_Caption-style text data_.

Start of Block

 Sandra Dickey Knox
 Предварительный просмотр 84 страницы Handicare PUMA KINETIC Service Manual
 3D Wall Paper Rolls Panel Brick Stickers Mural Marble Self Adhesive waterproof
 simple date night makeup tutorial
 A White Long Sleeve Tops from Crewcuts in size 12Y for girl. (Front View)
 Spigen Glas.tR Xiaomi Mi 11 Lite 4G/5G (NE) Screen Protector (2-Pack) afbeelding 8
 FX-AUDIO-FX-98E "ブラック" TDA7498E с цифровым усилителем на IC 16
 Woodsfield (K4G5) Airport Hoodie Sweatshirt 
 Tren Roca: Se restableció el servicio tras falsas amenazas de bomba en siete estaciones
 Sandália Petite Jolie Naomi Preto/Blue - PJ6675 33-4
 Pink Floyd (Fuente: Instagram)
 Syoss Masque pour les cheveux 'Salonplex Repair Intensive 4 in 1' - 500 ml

End of Block

_WHAT IS BEING ASKED_.
Exactly the lines from the one containing "3D Wall Paper" to the final line of the data, both included, should be printed, and nothing more.

_SOLVED PROBLEM_.
 3D Wall Paper Rolls Panel Brick Stickers Mural Marble Self Adhesive waterproof
 simple date night makeup tutorial
 A White Long Sleeve Tops from Crewcuts in size 12Y for girl. (Front View)
 Spigen Glas.tR Xiaomi Mi 11 Lite 4G/5G (NE) Screen Protector (2-Pack) afbeelding 8
 FX-AUDIO-FX-98E "ブラック" TDA7498E с цифровым усилителем на IC 16
 Woodsfield (K4G5) Airport Hoodie Sweatshirt 
 Tren Roca: Se restableció el servicio tras falsas amenazas de bomba en siete estaciones
 Sandália Petite Jolie Naomi Preto/Blue - PJ6675 33-4
 Pink Floyd (Fuente: Instagram)
 Syoss Masque pour les cheveux 'Salonplex Repair Intensive 4 in 1' - 500 ml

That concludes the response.